A lawyer who has worked on detainee issues for the U.S. government offers this rationale for the Obama administration’s approach. “If the US is mirandizing certain suspects in Afghanistan, they’re likely doing it to ensure that the treatment of the suspect and the collection of information is done in a manner that will ensure the suspect can be prosecuted in a US court at some point in the future.”

But Republicans on Capitol Hill are not happy. “When they mirandize a suspect, the first thing they do is warn them that they have the 'right to remain silent,’” says Representative Pete Hoekstra, the ranking Republican on the House Intelligence Committee. “It would seem the last thing we want is Khalid Sheikh Mohammed or any other al-Qaeda terrorist to remain silent.
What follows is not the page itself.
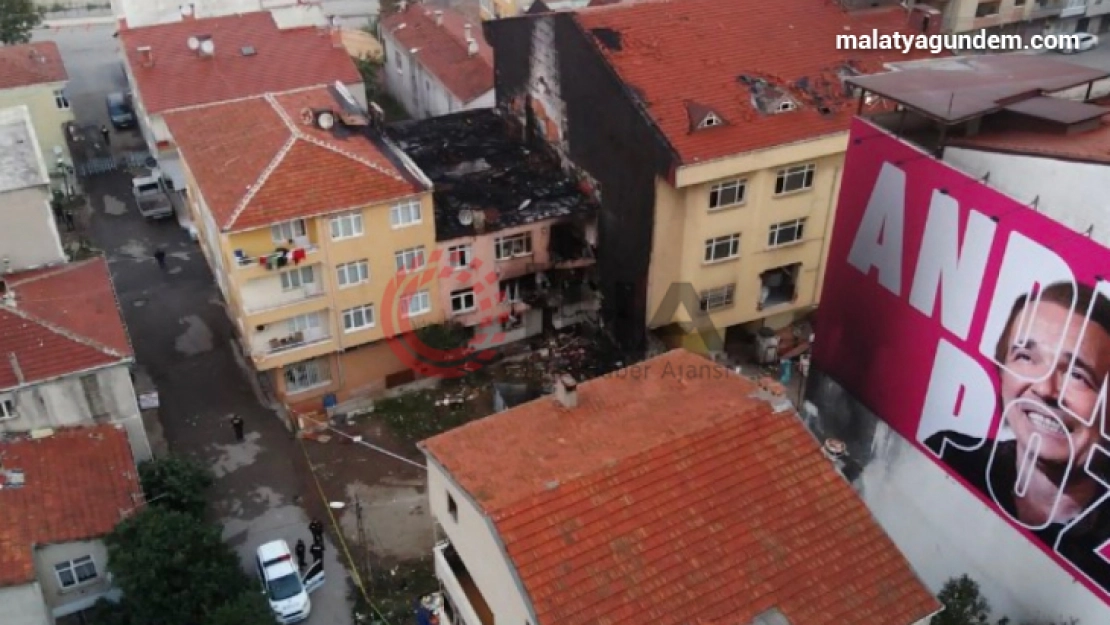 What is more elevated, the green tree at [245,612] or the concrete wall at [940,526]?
the concrete wall at [940,526]

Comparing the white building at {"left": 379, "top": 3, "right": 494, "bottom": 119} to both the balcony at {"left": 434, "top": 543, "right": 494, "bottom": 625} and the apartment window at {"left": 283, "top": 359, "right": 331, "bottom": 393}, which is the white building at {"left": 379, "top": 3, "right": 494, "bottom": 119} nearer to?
the apartment window at {"left": 283, "top": 359, "right": 331, "bottom": 393}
Our focus should be on preventing the next attack, not giving radical jihadists a new tactic to resist interrogation--lawyering up.”

According to Mike Rogers, that is precisely what some human rights organizations are advising detainees to do. “The International Red Cross, when they go into these detention facilities, has now started telling people – ‘Take the option. You want a lawyer.’”
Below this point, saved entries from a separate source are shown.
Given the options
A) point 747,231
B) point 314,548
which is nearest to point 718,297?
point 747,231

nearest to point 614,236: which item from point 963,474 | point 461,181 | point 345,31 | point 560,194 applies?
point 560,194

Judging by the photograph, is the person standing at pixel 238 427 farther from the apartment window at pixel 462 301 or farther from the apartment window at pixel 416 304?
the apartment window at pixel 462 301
Can you imagine what World War II would have been like with these clowns in charge?

POWs are not entitled to lawyers, access to the American criminal justice system, or the same protections afforded to criminals; they are protected by the Geneva Conventions, provided their nations are signatories to the treaty.

POWs are not entitled to Miranda warnings. POWs have a different set of obligations than do criminals: POWs are honor-bound to resist, to escape, and to kill the enemy.

Criminals, not so much.

Notwithstanding the bleatings of the Left, terrorists, brigands and other unlawful combatants are not members of a uniformed military fielded by a recognized nation-state. As such, they cannot be -- and indeed are not -- signatories to the Geneva Conventions, and are therefore afforded none of its protections.

Unlawful combatants may be summarily executed under the laws of war; to grant them the full protections of the American criminal justice system is not to treat them the same as POWS; rather, it is to treat them better than POWS, better than soldiers fighting honorably in uniform and under the flag of a recognized nation.

If the rationale for ratifying the Geneva Conventions is to seek better treatment of your POWs, and even better treatment is afforded to terrorists who were never signatories to the treaties, then it would seem that there's little reason to seek the lesser protections of the Conventions.

And so we come to the (perhaps) unintended consequences of this dangerous policy: The American people at home, and the GIs fighting on our behalf overseas, are placed at risk, because the interrogations that save lives become Verboten! as a result of lawyers telling their terrorist clients to keep their mouths shut.

And so the GIs in the field are faced with the unappetizing and dangerous prospect of capturing prisoners, shepherding them back to the POW camps ... and being sued. Or killed after the evidence against them is suppressed, thrown out of court, and the jihadis return to the battlefield to resume the fight against American troops.

Can you think of a better incentive for our GIs to simply refuse to take prisoners?

This is no way to fight a war.

But it is how Pres. Obama wages lawfare.

Posted by Mike Lief at June 10, 2009 11:59 PM | TrackBack

Comments

limbaugh is quoting obama on his march 22 *2009* interview on '60 minutes':"now, do these folks deserve miranda rights? (...) of course not."

didn't think it was possible, but obama is evidently an even bigger sociopath than bubba was. clinton lied because it was more interesting to do so, but once in awhile he'd tell the truth - you know, keep 'em guessin'. obama....evidently **every single thing** he says is a lie, including 'the' and 'of'. what's the word i want? 'stalinesque'?

good job there, democrat voters. may posterity forget you were our countrymen.